Harry J. Holzer, a professor of public policy at Georgetown University and chief economist for the Clinton administration, disagrees.
- Businesses will lay off current employees to cut costs.
- Most workers getting a raise are not heads of poor households.
- As minimum wage reduces employment, inflation will soon decrease the value of the raise anyway.
- Minimum wage increases will make it harder to find work.
He concludes that the current economic climate makes minimum wage raises especially inopportune:
The job market’s recovery from the recession has been agonizingly slow, and two of the groups whose wages stand to be increased — the young and least-educated — already have the hardest time finding work.
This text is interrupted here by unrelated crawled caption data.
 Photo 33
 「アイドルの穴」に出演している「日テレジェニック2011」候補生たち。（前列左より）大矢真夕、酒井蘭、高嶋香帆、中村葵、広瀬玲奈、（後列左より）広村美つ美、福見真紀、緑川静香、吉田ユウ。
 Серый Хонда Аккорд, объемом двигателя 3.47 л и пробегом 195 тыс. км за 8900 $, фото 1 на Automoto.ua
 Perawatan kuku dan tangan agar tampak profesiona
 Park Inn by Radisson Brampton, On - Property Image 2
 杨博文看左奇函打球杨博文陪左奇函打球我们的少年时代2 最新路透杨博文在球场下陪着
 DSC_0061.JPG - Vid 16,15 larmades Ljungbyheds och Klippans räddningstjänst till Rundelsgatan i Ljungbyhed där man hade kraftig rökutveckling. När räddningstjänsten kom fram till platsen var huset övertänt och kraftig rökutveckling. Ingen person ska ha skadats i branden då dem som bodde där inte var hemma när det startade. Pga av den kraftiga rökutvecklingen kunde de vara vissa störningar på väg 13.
Many are experiencing long-term unemployment from which it is increasingly difficult to escape.
Economist Anne Bradley adds that when businesses have to pay their workers more, it will also drive prices up for those same workers. She observes,
Forcing these stores to pay higher wages means that they lose the ability to compete with other big-box retailers to offer the lowest prices. Competition among producers is what gives us goods and services at higher quality and lower prices. If we eliminate this competitive margin, we are actually harming the very people that we aim to serve.
It is helpful to look at every seemingly good idea to see if it has unintended consequences that will end up hurting those we are trying to serve.